Severity diversity: Include minor, moderate, and critical issues. Your tool should rate severity appropriately.
Clean examples: At least one fixture per problem domain should be clean to drive negative tests.

Reference Solutions as Platform Artifacts

Reference solutions serve double duty on a platform team:

Grader calibration. Compare agent output against the reference to verify graders catch real failures and pass correct behavior. When a grader disagrees with the reference solution, the grader is probably wrong.
Onboarding material. New team members read reference solutions to understand what good output looks like for each tool. The reference solution for messy-repo-audit.md documents exactly what findings the code review tool should produce, at what severity, with what evidence.

From evals/ai-readiness/reference-solutions/ in the reference implementation, seven reference solutions cover the full fixture portfolio:

Reference Solution	Fixture
`messy-repo-audit.md`	`messy-repo/`
`insecure-repo-findings.md`	`insecure-repo/`
`bad-git-health-report.md`	`bad-git-repo/`
`untested-repo-findings.md`	`untested-repo/`
`bad-api-findings.md`	`bad-api-repo/`
`spaghetti-arch-findings.md`	`spaghetti-arch-repo/`
`clean-repo-audit.md`	`clean-repo/`

The clean-repo-audit.md reference solution documents what the agent should say about well-structured code: acknowledge what is done well, note minor improvement opportunities without false alarm, and assign no critical or major findings.

Meta-Evaluation

Platform teams face a second-order problem: how do you evaluate your eval infrastructure itself? If your graders are miscalibrated or your fixtures are unrealistic, your evals give false confidence.

The Eval-Rubric Pattern

The eval-rubric pattern uses a structured assessment against known best practices. This repo’s /eval-rubric command scores the eval infrastructure against 12 dimensions from Anthropic’s “Demystifying Evals for AI Agents” article, each scored 0-5:

Start Early with Real Failures
Source from Real User Behavior
Unambiguous Tasks + Reference Solutions
Balanced Problem Sets
Robust Eval Harness + Stable Environment
Thoughtful Grader Design
Read Transcripts Regularly
Monitor Capability Eval Saturation
Maintain Evals Long-Term
Non-Determinism Handling
Agent-Specific Approaches
Holistic Evaluation

Score thresholds: 0-2 requires an action plan to reach 3. 3-4 indicates adequate infrastructure with room for refinement. 5 indicates complete coverage.

The eval-rubric runs against the actual repo contents, reading suite files, grader implementations, fixture directories, and CI configuration before scoring. It produces evidence-based assessments, not opinions.

Running Meta-Evaluation Periodically

Run the eval-rubric after significant infrastructure changes:

Adding a new grader type
Expanding the fixture portfolio
Changing the base configuration
Adding a new plugin

Track scores over time. A dimension that drops below 3 after an infrastructure change indicates a regression in eval quality.

Expert Validation Agents

ACD defines expert validation agents that validate agent output at runtime, the production counterpart to offline evals. Where evals catch issues during development, expert agents catch issues during execution.

Expert Agent	What It Validates	Offline Eval Counterpart
Intent Clarity Agent	Prompt matches user intent	LLM rubric (intent alignment)
Behavior Validation	Output matches expected behavior	LLM rubric (behavior quality)
Constraint Checker	Output respects system rules	Transcript grader (process)
Implementation Review	Code quality and correctness	Deterministic grader (structure)
Truth Verification	Output passes executable checks	Deterministic grader (build/test)

Both need calibration. Expert agents, like graders, can be miscalibrated. Apply the same calibration discipline: test against known-good and known-bad outputs, investigate disagreements, and recalibrate periodically.

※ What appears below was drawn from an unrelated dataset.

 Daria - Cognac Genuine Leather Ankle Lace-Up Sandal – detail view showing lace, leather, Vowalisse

Both need negative testing. An expert agent that flags everything is as useless as a grader with 100% false positive rate. Test expert agents against clean inputs to verify they do not fabricate issues.

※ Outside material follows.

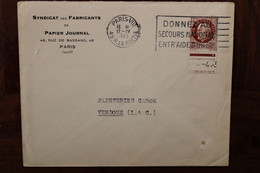 France 1943 Syndicat Des Fabricants De Papier Journal Petain Bord De Feuille Cover Ww2 Voyagée Flamme Oblit. Mécanique - Covers & Documents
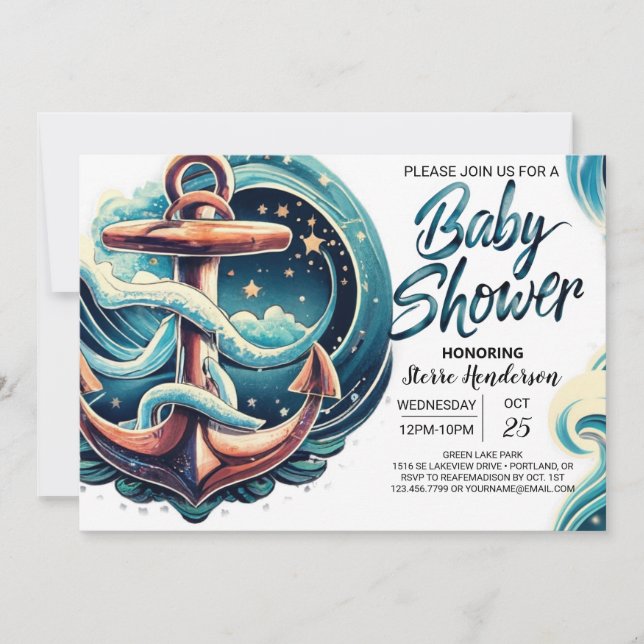 Invitación Nautical Anchor Boy Baby Shower (Anverso)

The division: Offline evals validate during development. They run in CI and during prompt engineering. Expert agents validate during execution. They run alongside the agent in production. A mature platform uses both.

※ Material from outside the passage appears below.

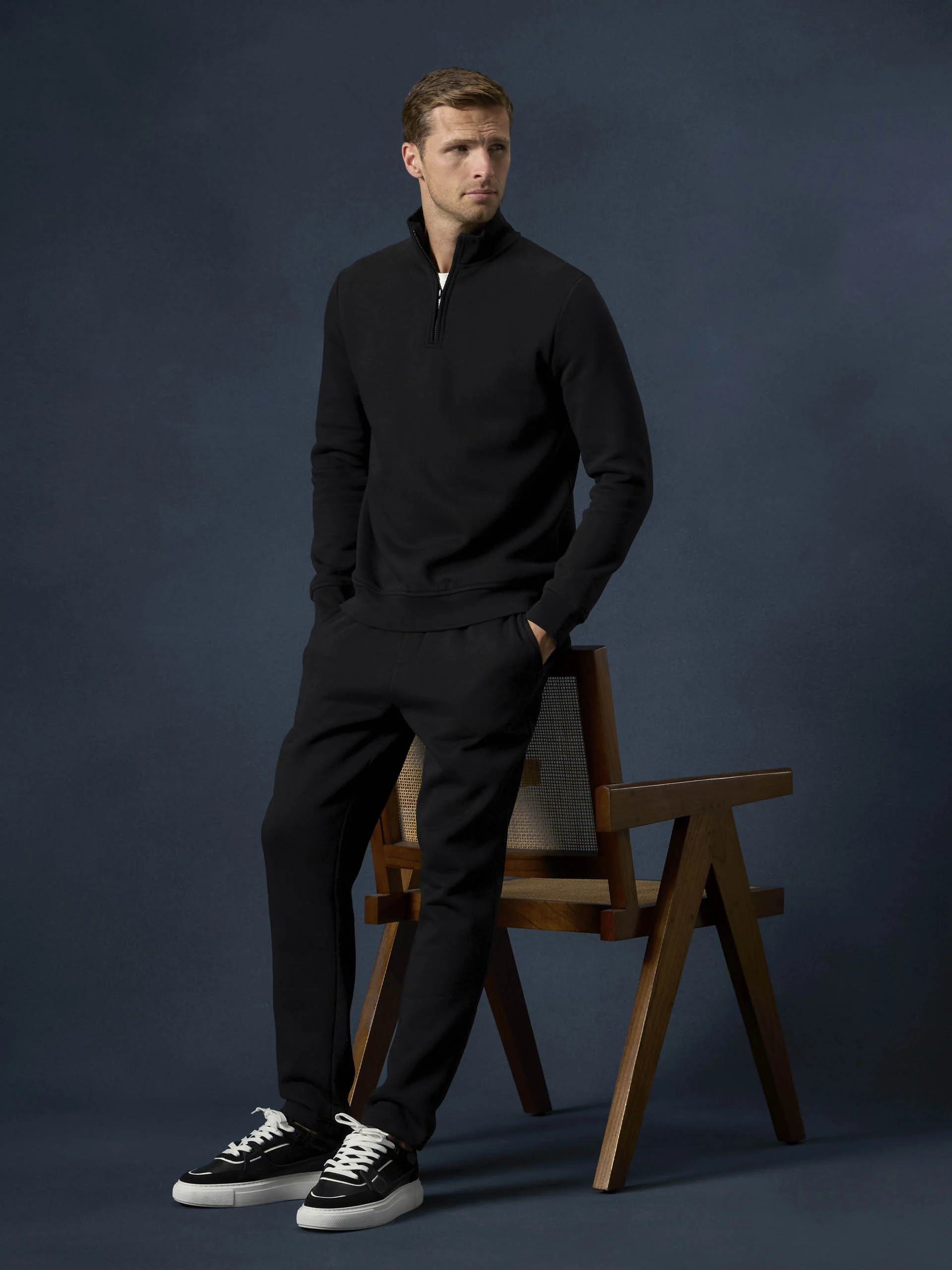 Essential Slim Half Zip in Black - Image 2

The Eval Lifecycle at Scale

Adding New Plugins

When adding a new plugin to the platform, follow this checklist (detailed in docs/ADDING_A_PLUGIN.md):

Create the plugin directory structure (plugins/<name>/)
Create the plugin manifest (plugin.json)
Write at least one command or agent
Create the eval directory structure (evals/<name>/)
Create the eval config replicating base defaults
Write at least one positive suite with a fixture
Write the corresponding negative suite
Add the plugin to KNOWN_PLUGINS in the run script
Validate structure with validate-plugin.sh

The checklist ensures every plugin ships with evals from day one. A plugin without evals does not ship.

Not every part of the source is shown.